=== HOW TO COMPLETE THIS TASK ===
Go through the records that follow and tally the lines with "image" in them; answer with the number alone.

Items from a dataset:
--- START ---
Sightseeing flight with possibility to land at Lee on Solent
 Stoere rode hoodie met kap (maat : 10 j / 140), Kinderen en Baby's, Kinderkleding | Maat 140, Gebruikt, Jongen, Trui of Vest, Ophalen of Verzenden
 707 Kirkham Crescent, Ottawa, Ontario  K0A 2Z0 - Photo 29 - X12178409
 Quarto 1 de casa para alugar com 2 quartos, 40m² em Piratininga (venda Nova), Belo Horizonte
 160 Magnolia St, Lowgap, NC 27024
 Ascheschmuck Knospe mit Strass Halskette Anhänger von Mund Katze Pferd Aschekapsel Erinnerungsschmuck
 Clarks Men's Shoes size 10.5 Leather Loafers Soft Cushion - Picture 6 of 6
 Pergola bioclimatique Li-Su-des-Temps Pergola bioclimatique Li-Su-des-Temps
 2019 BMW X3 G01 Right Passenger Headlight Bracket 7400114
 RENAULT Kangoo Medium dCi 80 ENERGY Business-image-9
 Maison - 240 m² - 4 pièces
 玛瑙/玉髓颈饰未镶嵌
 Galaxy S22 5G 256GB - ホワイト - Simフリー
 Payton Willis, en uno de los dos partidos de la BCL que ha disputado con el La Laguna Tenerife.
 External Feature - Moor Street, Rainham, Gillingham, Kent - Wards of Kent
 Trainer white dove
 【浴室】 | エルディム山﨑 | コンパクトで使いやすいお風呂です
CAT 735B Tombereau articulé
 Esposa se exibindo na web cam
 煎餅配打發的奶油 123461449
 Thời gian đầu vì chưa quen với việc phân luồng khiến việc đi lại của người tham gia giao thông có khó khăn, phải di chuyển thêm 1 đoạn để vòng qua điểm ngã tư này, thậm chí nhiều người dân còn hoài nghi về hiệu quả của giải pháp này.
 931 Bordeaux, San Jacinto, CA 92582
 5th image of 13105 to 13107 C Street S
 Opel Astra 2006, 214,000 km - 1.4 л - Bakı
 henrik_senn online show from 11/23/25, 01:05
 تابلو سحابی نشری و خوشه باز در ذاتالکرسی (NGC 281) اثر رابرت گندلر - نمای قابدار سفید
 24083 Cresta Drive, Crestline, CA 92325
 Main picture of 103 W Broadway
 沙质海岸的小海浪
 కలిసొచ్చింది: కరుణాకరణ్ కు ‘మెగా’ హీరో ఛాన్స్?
--- END ---
=== SOLUTION TO THE PROBLEM ===
2